It can be hard to leave a high paying job for the uncertainty of entrepreneurship, but thats what Cindy Joseph did. After almost two decades with a prestigious corporation, she left to form The Cee Suite, a career coaching and human resources consulting firm.
We spoke with her to find out more about her decision and her new business.
SB: What inspired you to take the leap from 9 to 5 to business owner?
CJ: It definitely wasn’t an overnight decision. For many years, I worked in corporate HR, mainly in recruiting and inclusion & diversity. I loved what I did – I got to help people start their dream jobs and navigate unknown territory. In my own career, I steadily had opportunities for promotion and advancement, and figured I’d be on that path for the long haul.
As I became more senior, I found my days were less about having that one-on-one impact, and more about budgets, internal reorgs, and meetings upon meetings… I started to wonder if I was making the best use of my skills and talents, which has really centered around developing people.
I had a strong network and reputation, some savings to cushion me and figured now was as good a time as any to strike out on my own and design a new career.
It didn’t hurt that both my parents are entrepreneurs so I had a sense for the fulfillment and risks that come with running your own show!
SB: People might think HR is about looking at resumes and hiring (or firing people). How would you describe what being an HR professional is really about?
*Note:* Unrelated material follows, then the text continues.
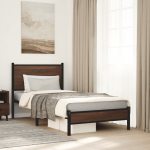 Metallist voodiraam ilma madratsita pruun tamm 75x190 cm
CJ: It’s so much more! Firstly, in between the hiring and firing, there is so much that happens for any employee – training, promotions, pay raises and bonuses, community and culture building and more.
Each organization is different, but if it’s done right, HR should be a resource to a company and its employees for management, development and advancement strategies.
I’ve worked on a lot of creative and impactful projects over the years, including partnerships with non-profit organizations that supported women, minorities and other underserved groups; development of recruiting, internship and training programs from the ground up; creation of branding and marketing materials; and succession planning for leadership.
SB: You provide several services to businesses, including diversity coaching. In your opinion, do corporations finally understand the importance of having a diverse staff or are they more interested in diversity from a PR standpoint?
CJ: It depends on the company, though in my opinion, PR is at least a small consideration for most any company involved in the diversity space.
There are companies who embrace the future – there’s a lot written about how the US will be a majority-minority country by mid-century.
From a competitive standpoint alone, businesses would do well to figure out how to attract, retain and promote the best people, and how to use those voices to connect authentically to customers.
I’ve definitely worked with organizations that take that view, but there are clearly others who engage in check-the-box activities or none at all.
It’s not always easy to tell the difference (even those with the best of intentions struggle with many issues of inclusion and diversity), but I would look at a few things in making a judgment.
Like, what does the employee population (including leadership) look like? Is it changing over time?
What programs are in place to attract people of diverse backgrounds, and what is their experience once they join? What is leadership’s involvement in the diversity space and what tone do they set at the top and amongst middle managers? Who often make a lot of the hiring and promotions decisions?
SB: Career coaching isn’t just for students. Many adults find themselves trying to figure out their next career move. What advice do you have for the adult who wants to make a career change but isn’t sure how?
CJ: Breathe! A career change can be overwhelming, especially as people mid-career consider their family and financial obligations. I’m a big fan of doing some self-introspection (what do you want? why? what are your transferable skills? what are your dealbreakers?) and then having a plan.
Go through the steps of identifying your ideal companies and roles, rebranding your resume and LinkedIn profiles, and then NETWORK, NETWORK, NETWORK.
If you need help, ask for help. Most importantly, don’t stay stuck in a situation you don’t like because you don’t have all of the answers – small steps taken consistently can pay off over time!